Among the entries below, take the line with "Used Volkswagen Lavida" and the line with "2010 MITSUBISHI OUTLANDER GT photo 28", and output them and every line between them exactly, with nothing else.

───── DATA TO USE ─────

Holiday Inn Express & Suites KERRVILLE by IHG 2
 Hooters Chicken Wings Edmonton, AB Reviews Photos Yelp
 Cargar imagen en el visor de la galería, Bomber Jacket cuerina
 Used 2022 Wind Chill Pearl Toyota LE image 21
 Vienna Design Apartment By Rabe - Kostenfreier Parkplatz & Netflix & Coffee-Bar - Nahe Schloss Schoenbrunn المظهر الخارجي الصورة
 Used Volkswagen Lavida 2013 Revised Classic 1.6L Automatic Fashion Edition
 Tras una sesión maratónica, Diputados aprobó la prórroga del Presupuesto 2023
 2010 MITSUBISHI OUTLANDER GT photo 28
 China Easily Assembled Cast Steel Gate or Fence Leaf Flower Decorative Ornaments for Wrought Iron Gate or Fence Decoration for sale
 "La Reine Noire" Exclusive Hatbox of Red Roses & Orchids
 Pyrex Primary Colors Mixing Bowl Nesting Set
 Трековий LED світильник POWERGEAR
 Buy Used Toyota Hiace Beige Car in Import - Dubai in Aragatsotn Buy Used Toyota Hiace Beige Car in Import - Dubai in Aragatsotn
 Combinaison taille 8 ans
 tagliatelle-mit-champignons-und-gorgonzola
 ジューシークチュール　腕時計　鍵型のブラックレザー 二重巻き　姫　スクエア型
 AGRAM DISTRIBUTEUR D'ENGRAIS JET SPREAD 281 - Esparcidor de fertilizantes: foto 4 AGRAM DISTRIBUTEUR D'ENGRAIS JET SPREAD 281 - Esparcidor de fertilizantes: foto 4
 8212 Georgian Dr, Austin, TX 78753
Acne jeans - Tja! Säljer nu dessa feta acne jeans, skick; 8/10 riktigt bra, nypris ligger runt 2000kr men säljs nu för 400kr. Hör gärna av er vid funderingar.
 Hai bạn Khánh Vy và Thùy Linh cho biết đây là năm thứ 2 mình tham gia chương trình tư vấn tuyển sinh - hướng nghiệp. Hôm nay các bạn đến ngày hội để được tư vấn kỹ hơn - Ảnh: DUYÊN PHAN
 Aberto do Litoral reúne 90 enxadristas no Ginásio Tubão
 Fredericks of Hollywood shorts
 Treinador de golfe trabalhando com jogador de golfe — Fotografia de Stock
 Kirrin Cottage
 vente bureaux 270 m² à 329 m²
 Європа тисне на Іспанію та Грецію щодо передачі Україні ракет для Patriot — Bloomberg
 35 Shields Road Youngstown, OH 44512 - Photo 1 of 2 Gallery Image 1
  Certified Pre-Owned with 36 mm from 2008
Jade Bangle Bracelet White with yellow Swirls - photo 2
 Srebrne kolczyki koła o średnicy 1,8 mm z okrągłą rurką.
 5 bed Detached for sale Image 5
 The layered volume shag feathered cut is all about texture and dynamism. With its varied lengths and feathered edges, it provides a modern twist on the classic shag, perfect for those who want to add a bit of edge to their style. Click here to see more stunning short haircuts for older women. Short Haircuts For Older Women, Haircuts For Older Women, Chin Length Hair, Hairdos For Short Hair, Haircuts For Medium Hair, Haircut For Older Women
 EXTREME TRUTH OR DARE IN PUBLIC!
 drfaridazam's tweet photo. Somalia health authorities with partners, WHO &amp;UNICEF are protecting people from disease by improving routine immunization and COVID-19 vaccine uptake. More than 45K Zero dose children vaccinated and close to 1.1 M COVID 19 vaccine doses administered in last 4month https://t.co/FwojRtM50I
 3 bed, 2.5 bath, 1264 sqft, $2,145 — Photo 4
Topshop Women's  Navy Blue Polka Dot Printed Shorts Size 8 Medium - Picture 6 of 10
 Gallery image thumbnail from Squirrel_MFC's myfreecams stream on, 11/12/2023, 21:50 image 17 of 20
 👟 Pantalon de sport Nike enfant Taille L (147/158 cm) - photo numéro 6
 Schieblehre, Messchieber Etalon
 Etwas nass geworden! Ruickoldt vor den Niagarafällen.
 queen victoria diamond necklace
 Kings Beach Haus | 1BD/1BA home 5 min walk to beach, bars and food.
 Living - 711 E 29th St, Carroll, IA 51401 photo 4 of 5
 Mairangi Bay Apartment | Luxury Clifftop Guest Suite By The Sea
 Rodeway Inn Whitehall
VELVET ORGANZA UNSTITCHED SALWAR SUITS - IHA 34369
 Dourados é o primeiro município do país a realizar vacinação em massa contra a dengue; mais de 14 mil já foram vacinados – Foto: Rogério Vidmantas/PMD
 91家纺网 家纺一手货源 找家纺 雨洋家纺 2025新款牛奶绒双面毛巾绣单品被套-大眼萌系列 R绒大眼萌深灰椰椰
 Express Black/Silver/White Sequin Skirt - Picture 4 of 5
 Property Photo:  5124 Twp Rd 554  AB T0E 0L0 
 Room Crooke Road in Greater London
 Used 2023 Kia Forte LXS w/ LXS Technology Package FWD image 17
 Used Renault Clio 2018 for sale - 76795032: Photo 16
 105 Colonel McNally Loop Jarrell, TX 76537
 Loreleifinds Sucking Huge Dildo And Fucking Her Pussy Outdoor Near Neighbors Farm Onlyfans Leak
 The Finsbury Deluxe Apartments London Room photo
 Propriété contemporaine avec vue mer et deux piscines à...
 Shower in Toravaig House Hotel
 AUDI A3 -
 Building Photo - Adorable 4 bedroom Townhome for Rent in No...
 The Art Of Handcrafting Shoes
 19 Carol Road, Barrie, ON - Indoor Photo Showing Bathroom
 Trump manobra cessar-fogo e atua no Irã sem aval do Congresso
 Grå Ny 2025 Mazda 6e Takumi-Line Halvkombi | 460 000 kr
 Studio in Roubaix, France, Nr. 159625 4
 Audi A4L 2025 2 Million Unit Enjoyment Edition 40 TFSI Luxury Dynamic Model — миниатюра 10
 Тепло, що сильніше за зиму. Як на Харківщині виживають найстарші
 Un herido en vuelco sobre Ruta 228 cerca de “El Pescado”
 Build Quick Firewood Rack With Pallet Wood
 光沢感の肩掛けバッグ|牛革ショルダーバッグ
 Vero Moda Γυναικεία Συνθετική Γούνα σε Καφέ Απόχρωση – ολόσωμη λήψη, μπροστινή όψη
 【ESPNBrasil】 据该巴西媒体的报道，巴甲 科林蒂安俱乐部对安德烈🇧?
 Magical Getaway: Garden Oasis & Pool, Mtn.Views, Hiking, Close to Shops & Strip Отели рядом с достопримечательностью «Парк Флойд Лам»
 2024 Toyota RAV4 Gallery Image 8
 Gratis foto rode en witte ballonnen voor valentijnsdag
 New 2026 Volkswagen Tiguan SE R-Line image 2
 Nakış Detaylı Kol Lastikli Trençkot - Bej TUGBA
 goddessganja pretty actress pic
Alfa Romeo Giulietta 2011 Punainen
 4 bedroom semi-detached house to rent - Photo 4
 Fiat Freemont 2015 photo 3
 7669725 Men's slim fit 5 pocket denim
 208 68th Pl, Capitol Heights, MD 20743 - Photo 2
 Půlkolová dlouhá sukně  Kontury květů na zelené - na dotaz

─────

WRITTEN SOLUTION ->
 Used Volkswagen Lavida 2013 Revised Classic 1.6L Automatic Fashion Edition
 Tras una sesión maratónica, Diputados aprobó la prórroga del Presupuesto 2023
 2010 MITSUBISHI OUTLANDER GT photo 28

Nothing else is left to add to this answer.